Christmas is almost here, which means it is time to harvest and sell Christmas trees. The vast majority of American Christmas trees come from Christmas tree farms where farmers produce about 35 million Christmas trees on nearly half a million acres of land. Oregon, North Carolina, Michigan, Pennsylvania, Wisconsin, Washington, New York and Virginia grow most of the commercial Christmas trees. A small percentage of Christmas trees are harvested from the wild to thin the forests.
Virginia Tech published information for novice Christmas tree growers. Most Christmas tree growers in Virginia work their stands part-time. Christmas trees take 6 to 12 years to mature, which is quicker than the 20 to 30 years that lumber products require but longer than the timeframe for annual crops. A Christmas tree crop requires relatively little investment in machinery and can grow on marginal sites that are unsuitable for other crops. Startup costs for a Christmas tree farm are about $3,000 to $12,000 per acre. Once the trees are over a meter tall, they need about 40 hours of maintenance per acre each year.

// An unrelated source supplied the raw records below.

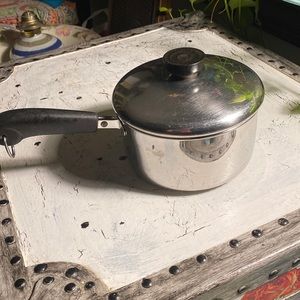 Revere Ware 1 1/2 Qt Stainless Steel Ware an & Lid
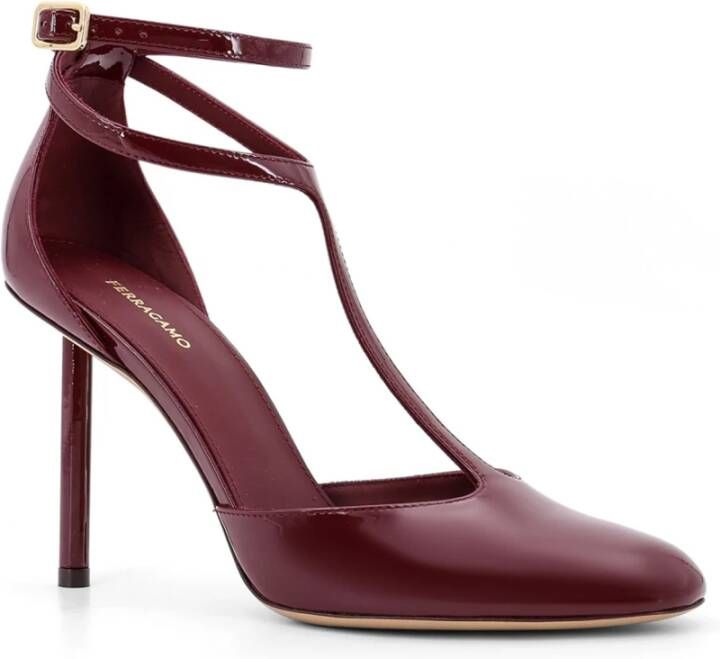 Salvatore Ferragamo Bruine Stiletto Pumps met Verstelbare Band Brown Dames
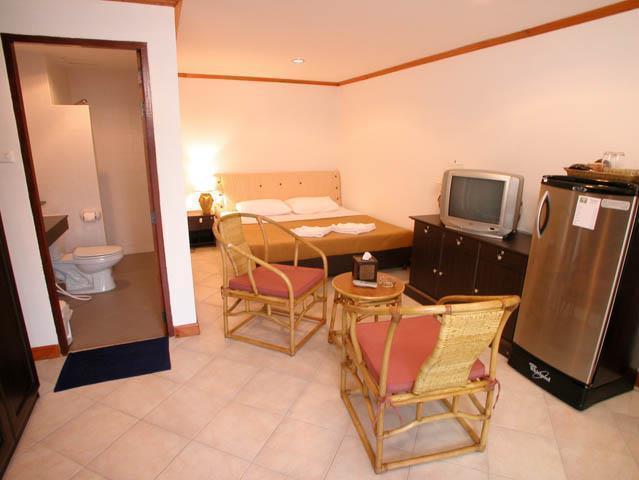 Blue Sky Residence Patong Екстериор снимка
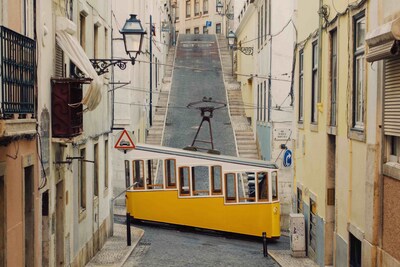 047-lisbon-tram-@jackspiceradams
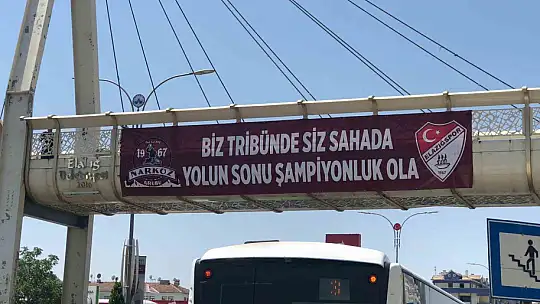 Elazığspor taraftarı şampiyonluğa inanıyor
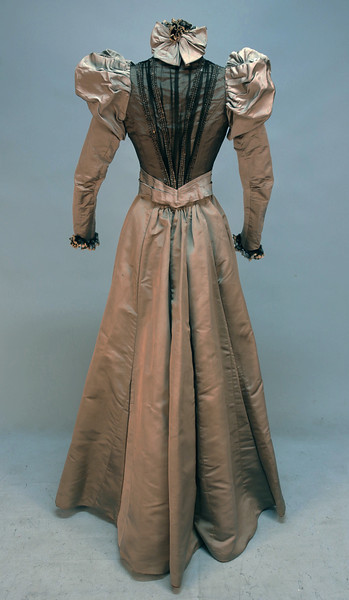 i love historical clothing: high neck gown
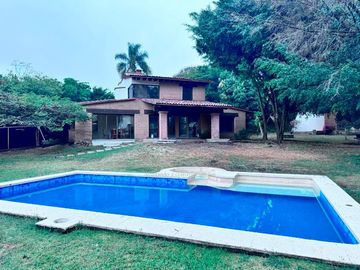 Casa en Venta en San Isidro Loma Bonita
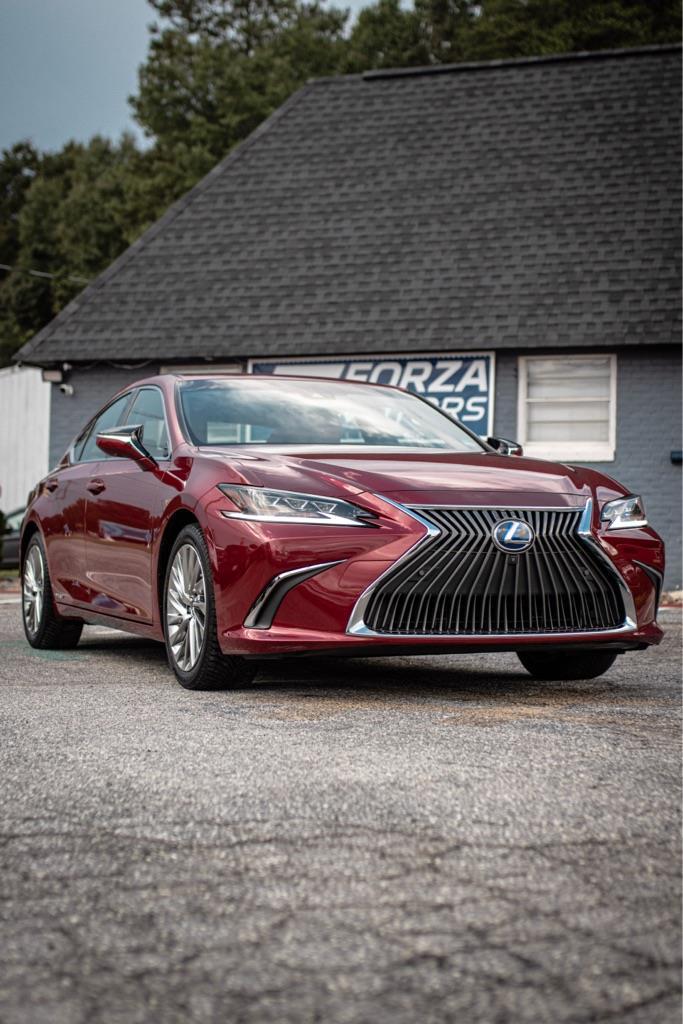 2019 Lexus ES 300h Luxury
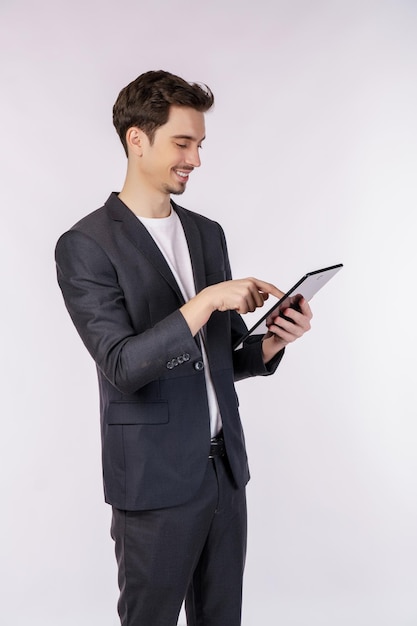 Foto retrato de un hombre de negocios alegre y atractivo que utiliza una aplicación de dispositivo que busca en la web aislada sobre un fondo de color blanco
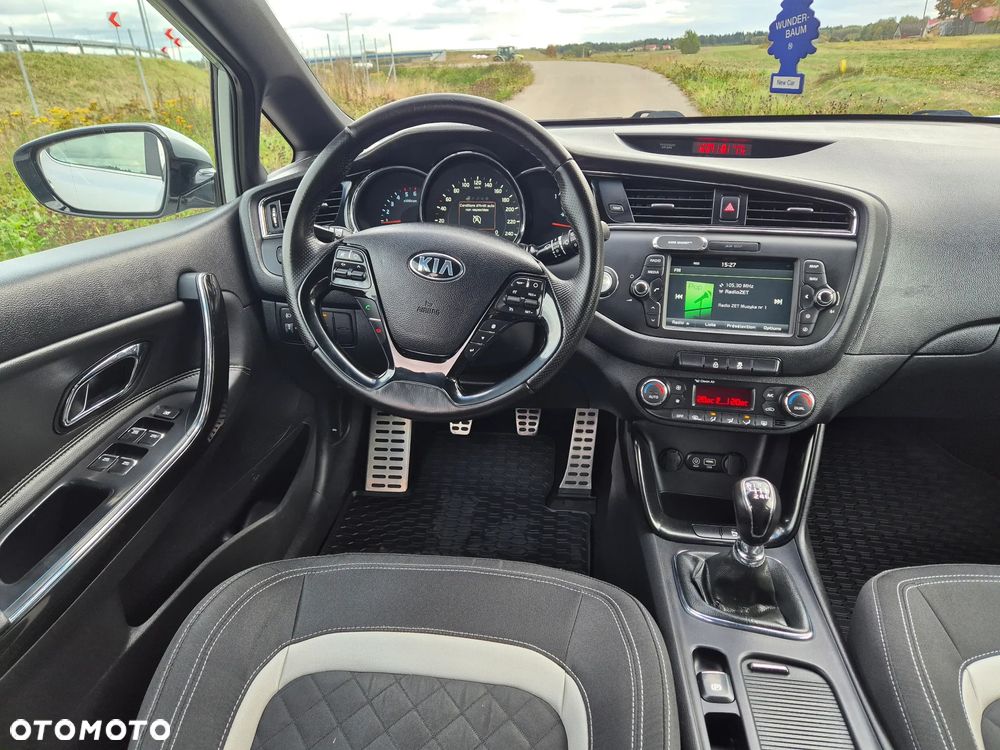 Kia Ceed 1.6 CRDi 136 ISG GT Line - 3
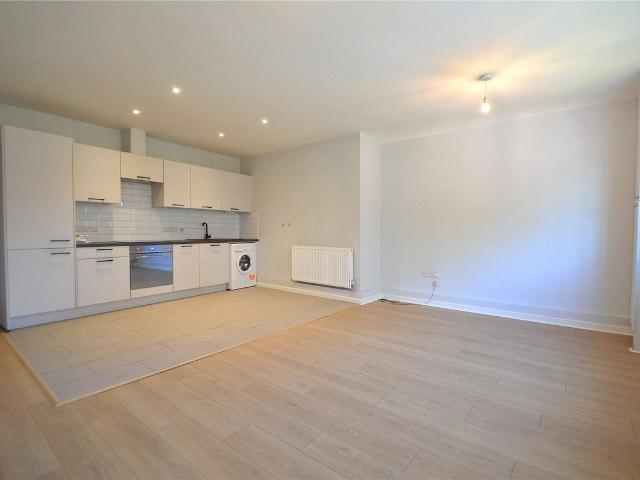 Apartment for rent in London Borough of Croydon, Greater London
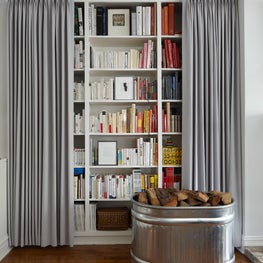 Lincoln Park Residence Living Area Bookcase.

Some Americans harvest their Christmas trees directly from nature. The US Forestry Service is responsible for maintaining forests and prairies on federal land. It sells permits for cutting Christmas trees from its forests so that it can cull stands that have too many small diameter trees. The US Forestry Service issued safety tips for cutting Christmas trees to prevent injury during the harvest.
Whether farm grown or gathered from the wild, a Christmas tree is a classic tradition. Many farmers grow Christmas trees to supplement other income sources. The US government allows people to cut down trees from its forests during the Christmas season. Millions of households add a bit of green to their homes with the presence of a Christmas tree.